Just found those on carparts4less, seems a good price:

Bosch Wiper Blade (Aerotwin Flat Wiper Blade Single AP21U) (Left) £10.86
Bosch Wiper Blade (Aerotwin Flat Wiper Blade Single AP24U) (Right) £11.76

If that helps anyone else.


----------



## F1SpaceMonkey (Nov 21, 2015)

sukrw said:


> Excellent.
> 
> Just found those on carparts4less, seems a good price:
> 
> ...


thanks - order placed £22.62 with free delivery. Better than £40 from Halfords.


----------



## F1SpaceMonkey (Nov 21, 2015)

sukrw said:


> Excellent.
> 
> Just found those on carparts4less, seems a good price:
> 
> ...


wouldn't use these again and would advise others to avoid. They sent the wrong parts and will only send the correct ones when they have the wrong returned. Poor customer service too on the phone.


----------



## forthay (Feb 23, 2014)

F1SpaceMonkey said:


> sukrw said:
> 
> 
> > Excellent.
> ...


That's good to know. My order was through them too but I didn't have any problems.


----------



## sukrw (Jan 10, 2017)

Yes that's a shame.

Maybe a one off as I ordered same parts from them last week. They arrived the next day on free delivery and the parts were spot on. Fitted a dream and no squeaks or smears.

Hope you get yours sorte in the end.


----------



## rumblestrip (Apr 15, 2016)

I took a chance with carparts4less and placed an order this morning. I bought new Bosch blades only a week ago from Halfords at £40+ so thanks for this recommendation.

Nothing wrong with having a new pair ready in the garage.


----------



## gregm (Jul 14, 2017)

rumblestrip said:


> I took a chance with carparts4less and placed an order this morning. I bought new Bosch blades only a week ago from Halfords at £40+ so thanks for this recommendation.
> 
> Nothing wrong with having a new pair ready in the garage.


First forum post for me - had my TT a year and loving it.

I was following this post as I felt my wipers were slightly juddering even when pouring down with rain so ordered from carparts4less yesterday and they have just arrived and I have just fitted and what a difference the Bosch blades make!

Fit perfectly with the included fitting (4).


----------



## Matrix (Apr 11, 2016)

Ordered a set of these from europarts as there is a good discount today.

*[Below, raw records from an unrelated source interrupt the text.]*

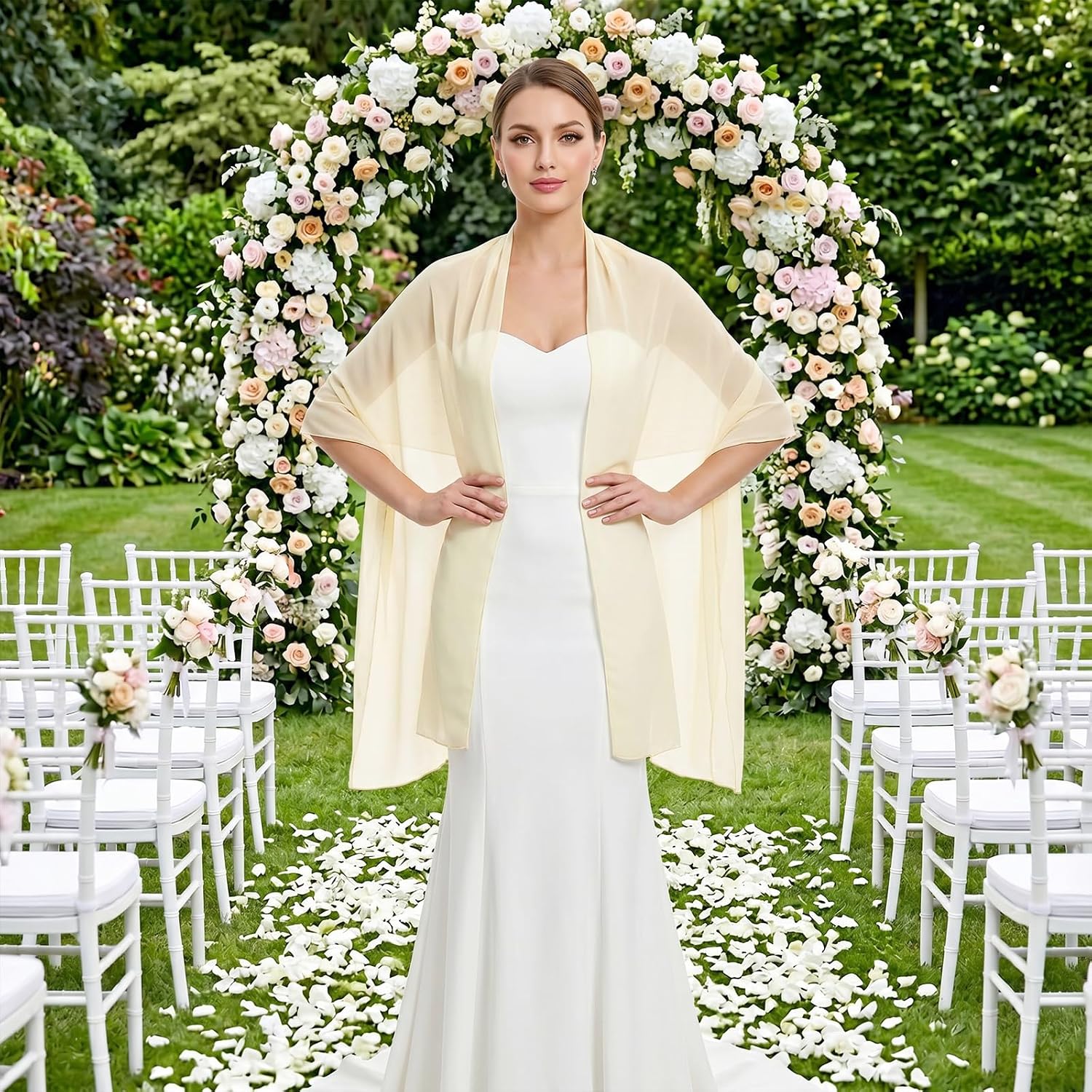 choyaxo Shawl Wraps for Evening Dresses Scarfs Dress Cover Up Women Wedding Bridal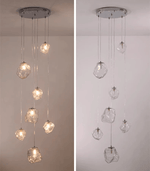 Lustre contemporâneo para escada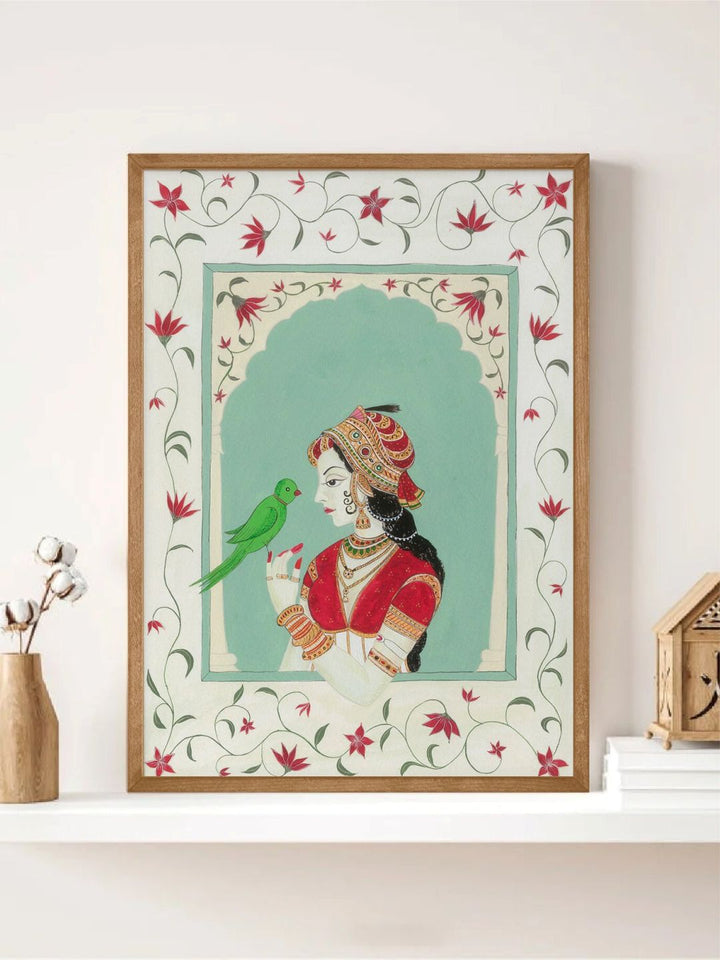 "Mughal Painting Canvas Wall Art''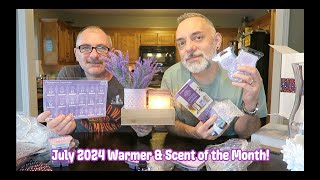 July 2024 Warmer amp Scent of the Month amp Warm Review [upl. by Cirone815]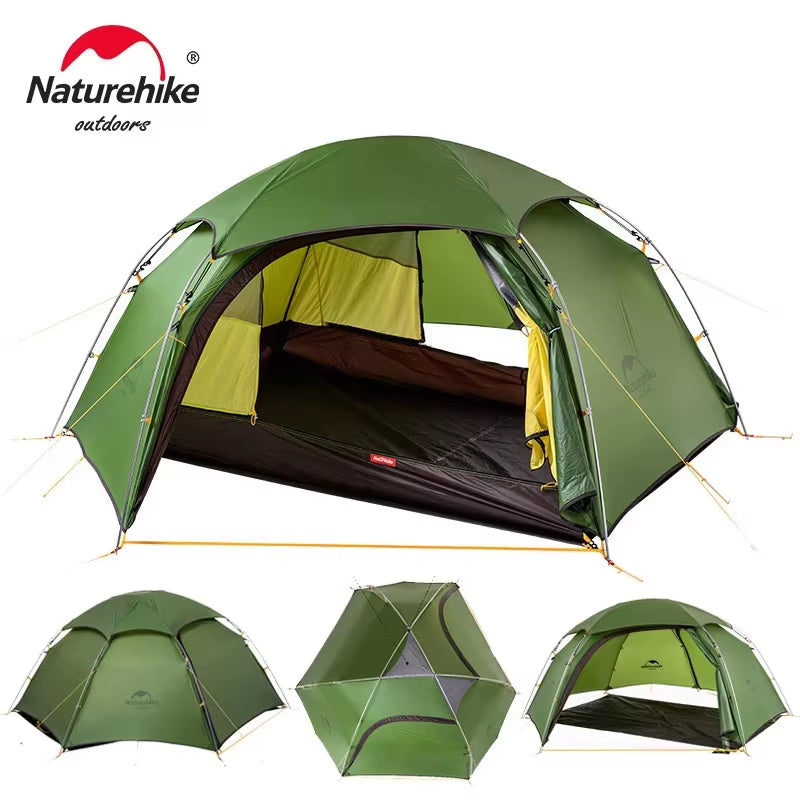 Cloud Peak 2 People Tent Ultralight 2 Persons Camping Hiking Outdoor Tent 20D Nylon Waterproof Fabric NH17K240-Y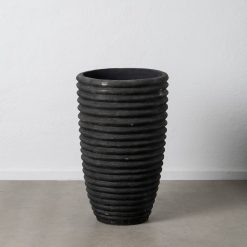 Vaso Cinzento Fibra De Cimento  72 X 72 X 100 Cm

I might put the old ones back on when the windscreen freezes in the winter months as I am convinced the sub zero temperatures ruin them.


----------



## rumblestrip (Apr 15, 2016)

rumblestrip said:


> I took a chance with carparts4less and placed an order this morning. I bought new Bosch blades only a week ago from Halfords at £40+ so thanks for this recommendation.
> 
> Nothing wrong with having a new pair ready in the garage.


Correct Bosch wipers arrived this morning by courier


----------



## F1SpaceMonkey (Nov 21, 2015)

Still waiting for my replacement blade after carpart4less delivered the wrong one. Avoid this company at all costs.


----------



## keithS (Jun 20, 2016)

F1SpaceMonkey said:


> Still waiting for my replacement blade after carpart4less delivered the wrong one. Avoid this company at all costs.


Sounds like you were unlucky. I ordered a pair from them midday on the 11th, delivered correct blades by DHL on 13th.


----------



## Quattro-ita (Jul 5, 2016)

Got them from Ama...n for only 20€...good value for the Money considering that the original blades were about 75€.
Don't like the BOSCH logo though


----------



## F1SpaceMonkey (Nov 21, 2015)

Still haven't received the correct wiper blade after being told on the 11th by Carparts4less sent out a new one. Chased them up today and they send they will send today. Asked for a refund - rather pay extra from elsewhere. Avoid using this company they are useless.


----------



## Matrix (Apr 11, 2016)

Fitted mine today. No more judder. Bliss!


----------



## SiHancox (Sep 12, 2011)

sukrw said:


> Excellent.
> 
> Just found those on carparts4less, seems a good price:
> 
> ...


Thanks for the heads-up and great service from "Carparts" - been on the car for a couple of weeks now and they are so much better than the standard supply, judder completely gone plus clean wipe every time.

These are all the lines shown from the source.